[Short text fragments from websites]
***

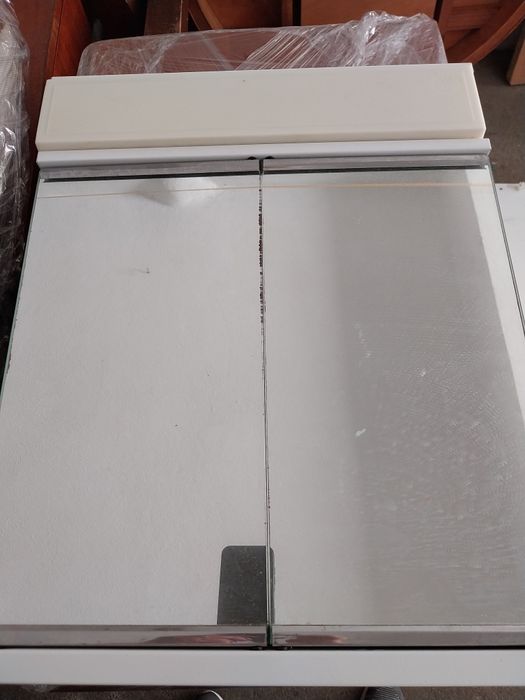 Armário de casa de banho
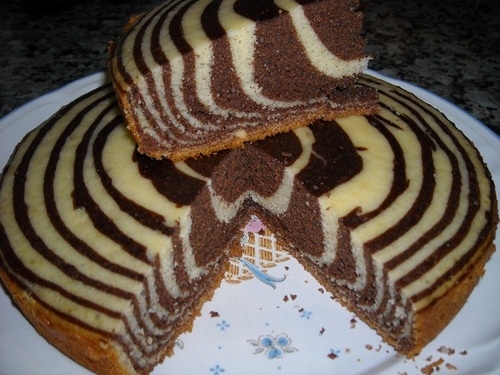 Zebra-Kuchen in einem langsamen Herd 02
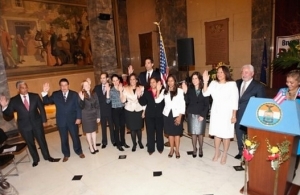 Judge Sallie Manzanet- Daniels swearing in Puerto Rican Bar Association Board Members, including Ricardo Aguirre at the far left, Maria del Carmen Arroyo's husband.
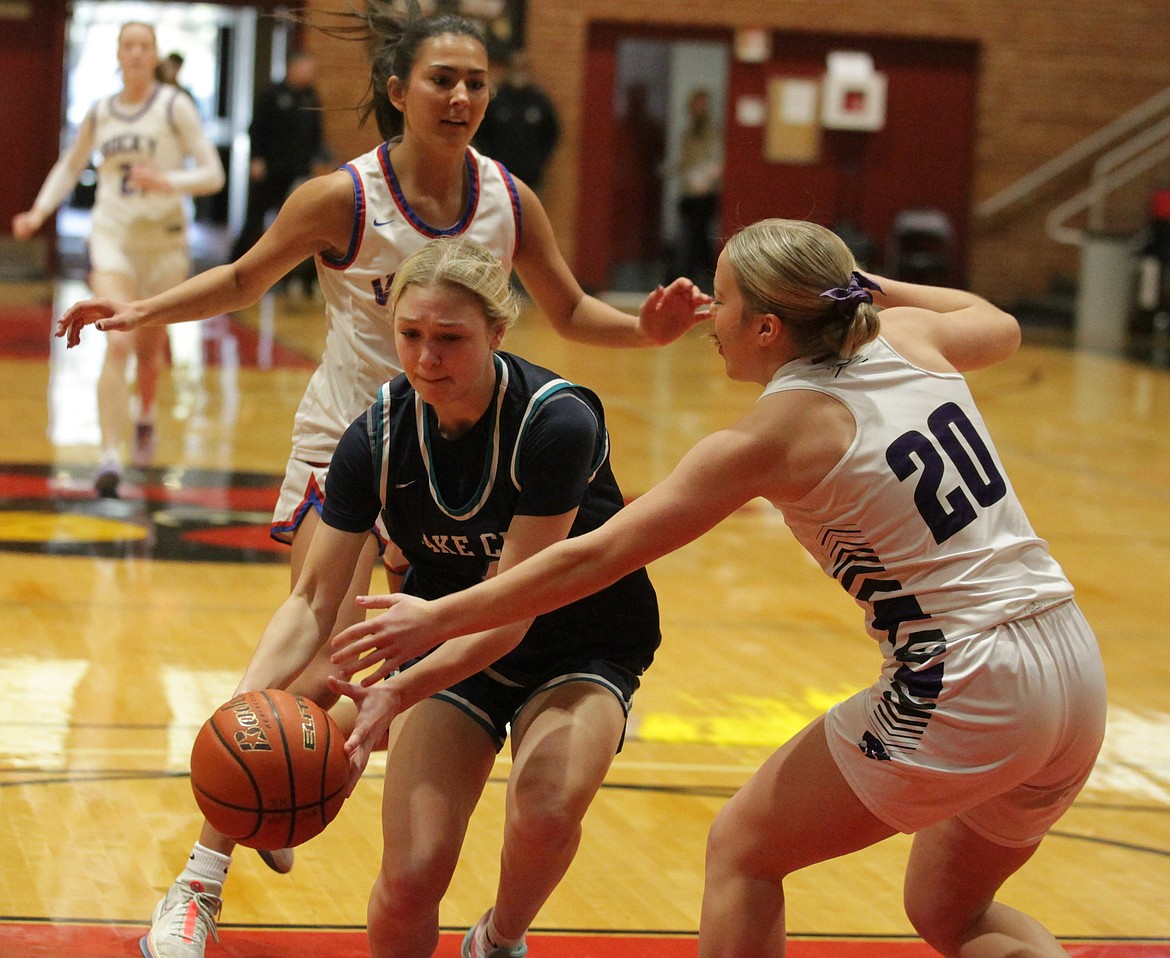 JASON ELLIOTT/Press
Andy's Heating and Cooling guard Sophia Zufelt drives to the basket on Coeur d'Alene Inn defenders Maddie Mitchell (2) and Rylie Edlefsen (20) during the first quarter of Saturday's 21st annual Idaho All-Star Basketball Games at Christianson Gymnasium.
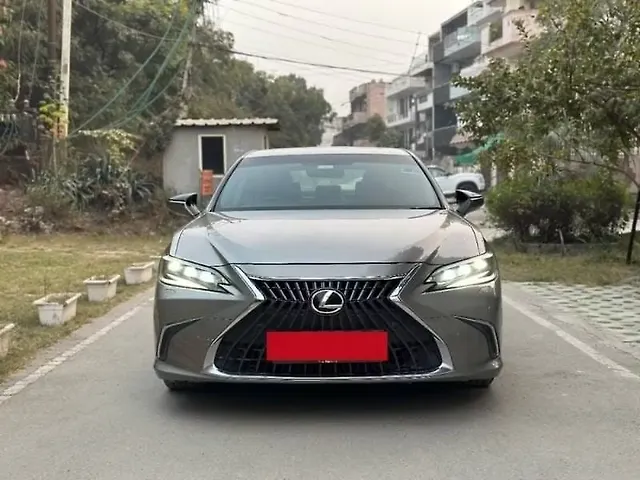 Used 2023 Lexus ES in Delhi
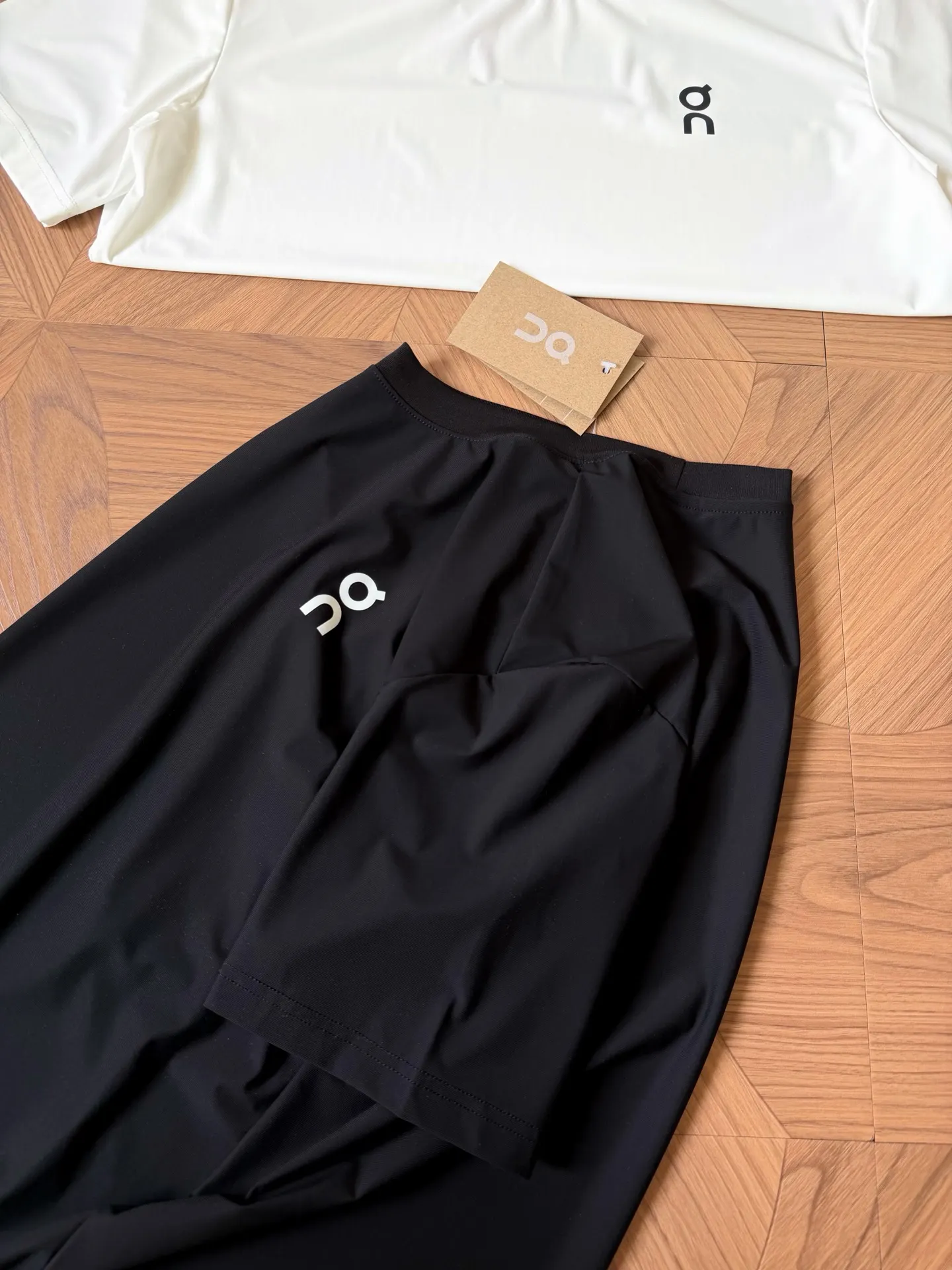 On Running Court Performance Tech T-Shirt D12013612 — view 8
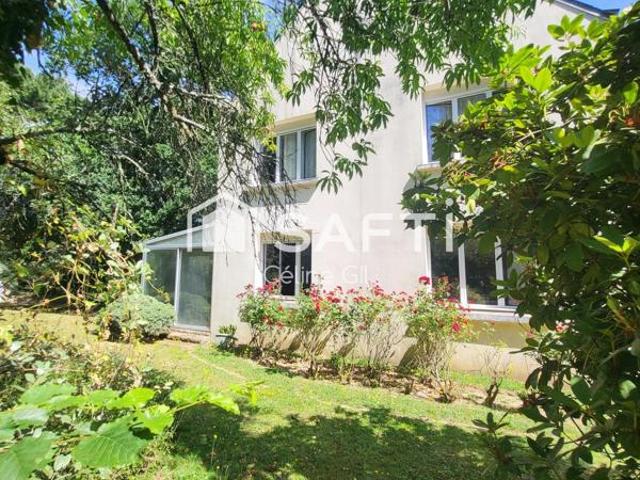 Maison de bourg familiale avec jardin arboré et fort potentiel d'aménagement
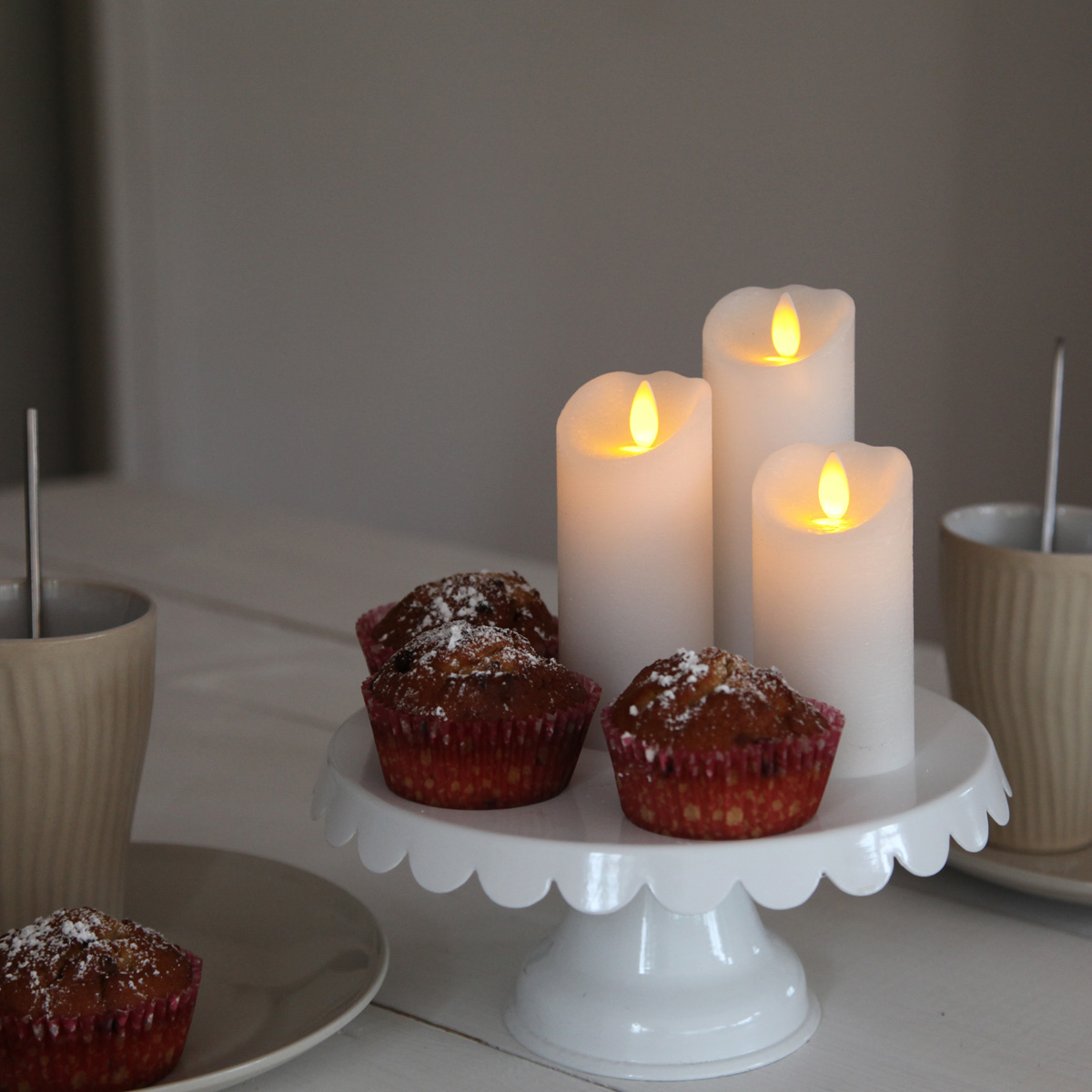 LED Kerze "Glow" - Echtwachs - gelbe flackernde LED - Timer - H: 15cm, D: 5,5cm - weiß LED Kerze "Glow" - Echtwachs - gelbe flackernde LED - Timer - H: 15cm, D: 5,5cm - weiß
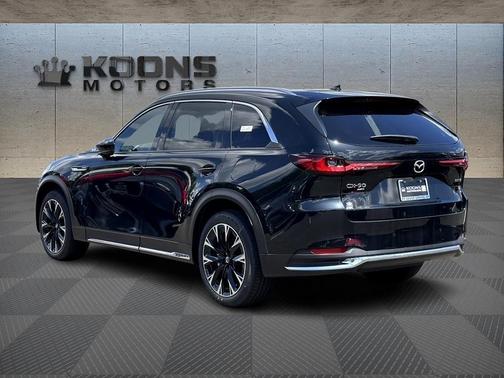 2024 Mazda CX-90 PHEV Premium Plus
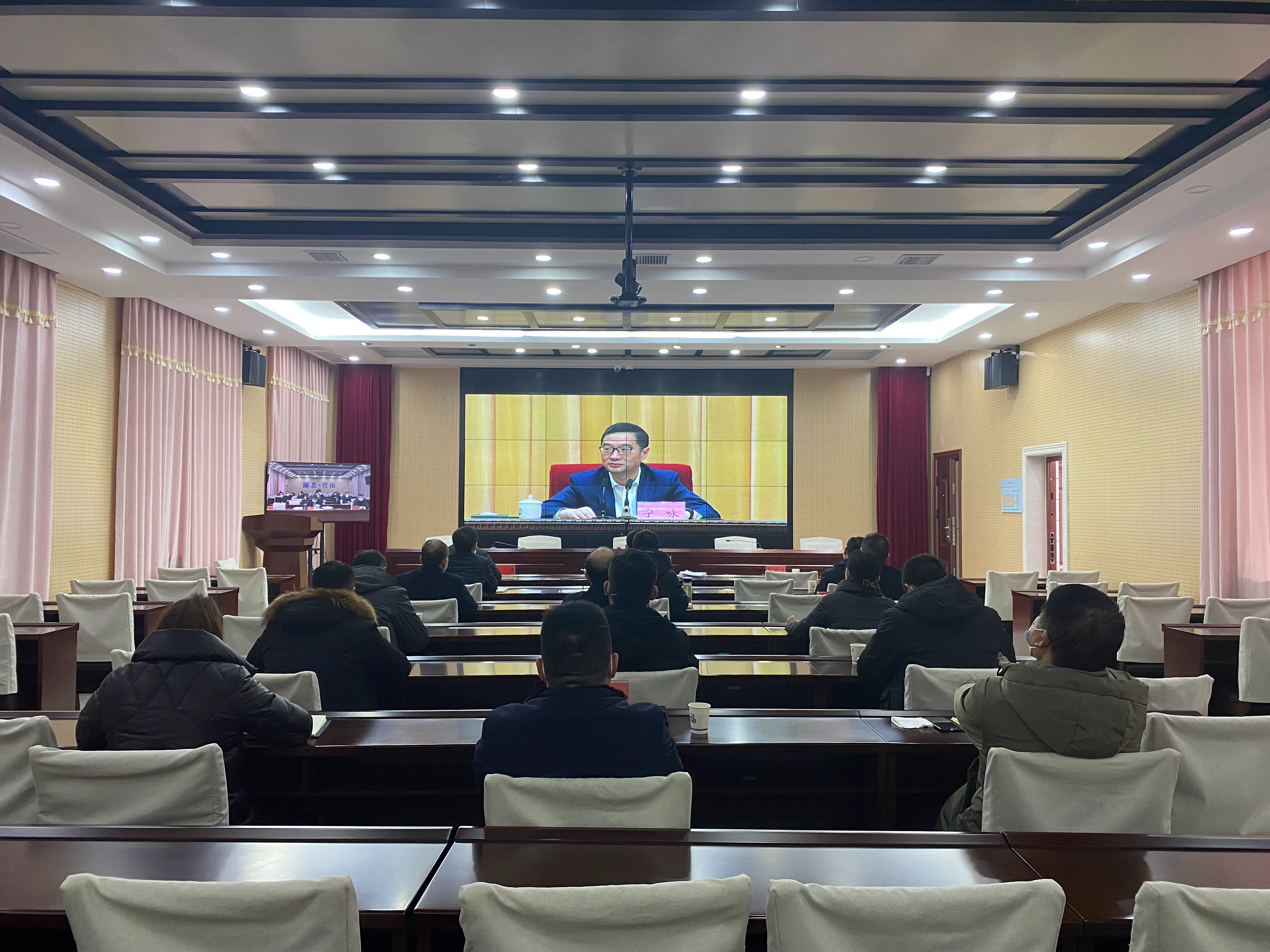 我县收听全省金融一季度“开门红”电视电话会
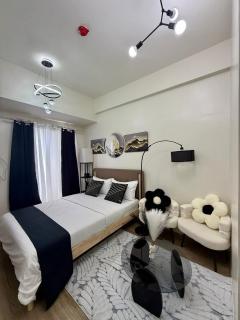 The Median Condo Near it Park mr - 7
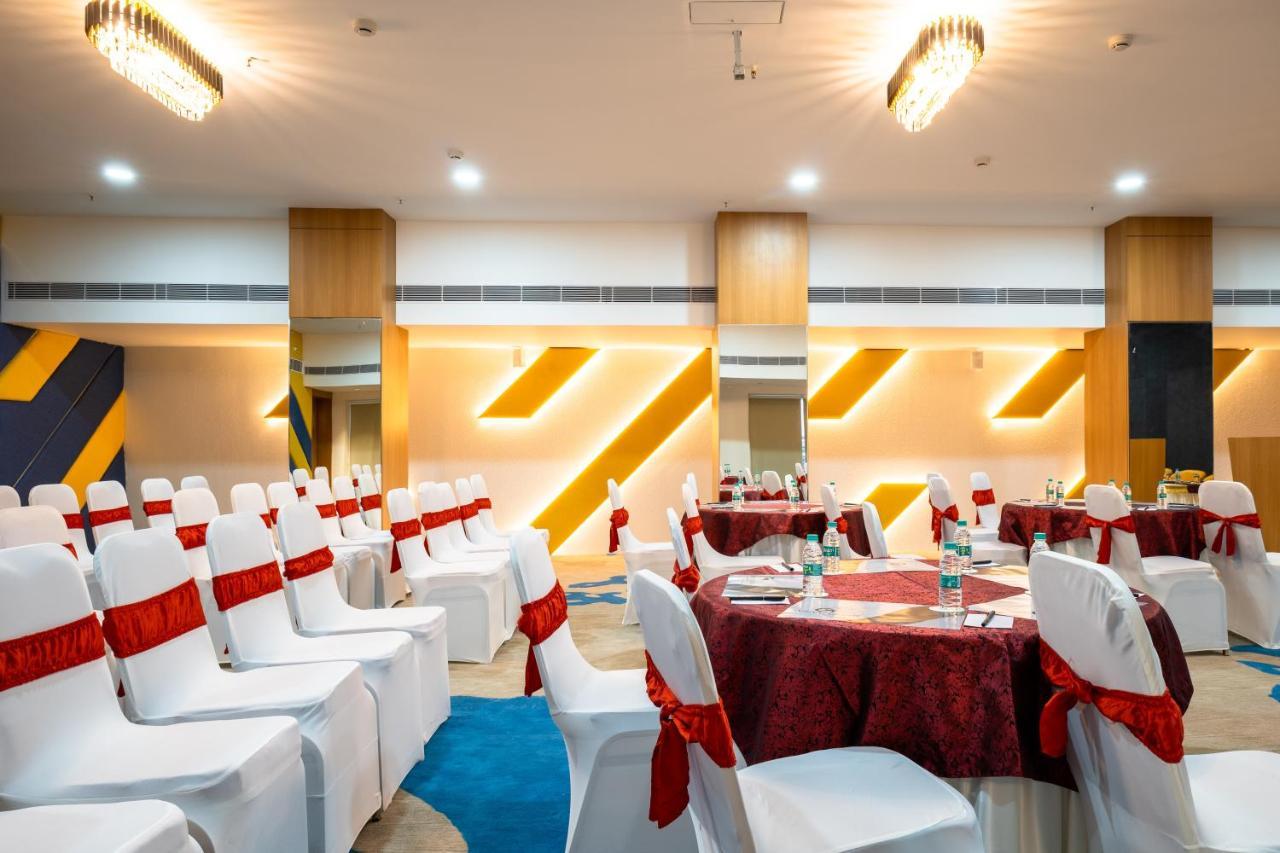 Clubway Grand A Boutique Hotel Jorhāt Esterno foto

***

TASK TO COMPLETE:
Find the line containing "Used 2023 Lexus ES in Delhi" in the records above, then copy it and every line after it exactly, through the last one, without any pictures.

RESPONSE TO THE TASK:
 Used 2023 Lexus ES in Delhi
 On Running Court Performance Tech T-Shirt D12013612 — view 8
 Maison de bourg familiale avec jardin arboré et fort potentiel d'aménagement
 LED Kerze "Glow" - Echtwachs - gelbe flackernde LED - Timer - H: 15cm, D: 5,5cm - weiß LED Kerze "Glow" - Echtwachs - gelbe flackernde LED - Timer - H: 15cm, D: 5,5cm - weiß
 2024 Mazda CX-90 PHEV Premium Plus
 我县收听全省金融一季度“开门红”电视电话会
 The Median Condo Near it Park mr - 7
 Clubway Grand A Boutique Hotel Jorhāt Esterno foto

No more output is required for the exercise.